(Problem to solve): Copy each line of the data below exactly, leaving out pictures.

(Given material):
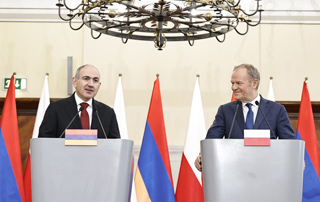 Նիկոլ Փաշինյանը և Դոնալդ Տուսկը ԶԼՄ ներկայացուցիչների համար հանդես են եկել հայտարարություններով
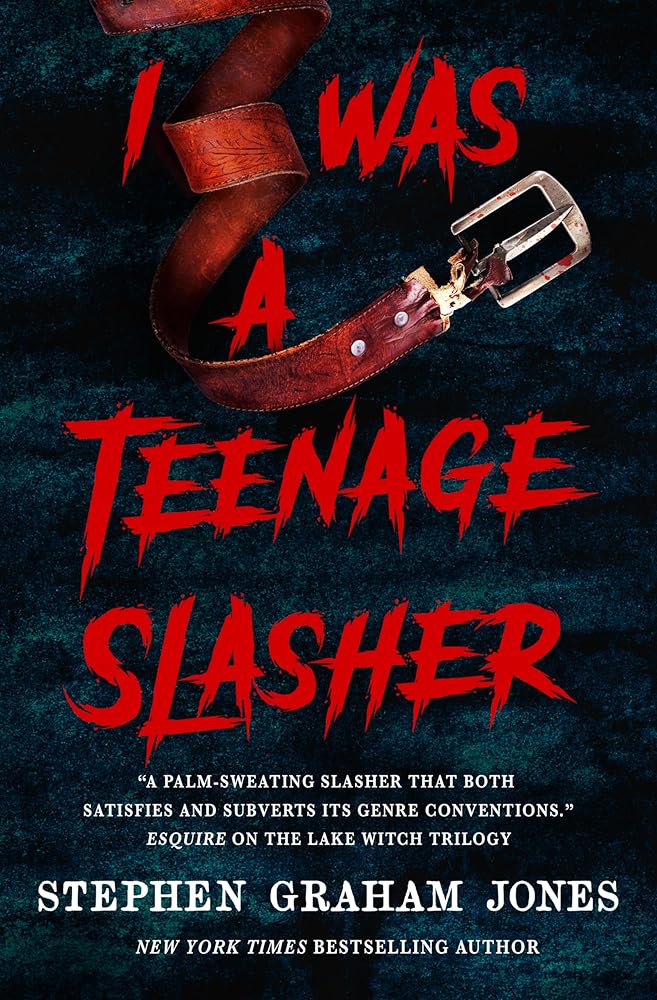 I Was a Teenage Slasher cover image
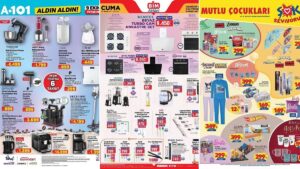 İndirim Günleri Başlıyor! 4 – 10 Ekim Haftasında A101 ve BİM Aktüel Ürünler Listesinde Ne Var?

(Response to this task):
 Նիկոլ Փաշինյանը և Դոնալդ Տուսկը ԶԼՄ ներկայացուցիչների համար հանդես են եկել հայտարարություններով
 I Was a Teenage Slasher cover image
 İndirim Günleri Başlıyor! 4 – 10 Ekim Haftasında A101 ve BİM Aktüel Ürünler Listesinde Ne Var?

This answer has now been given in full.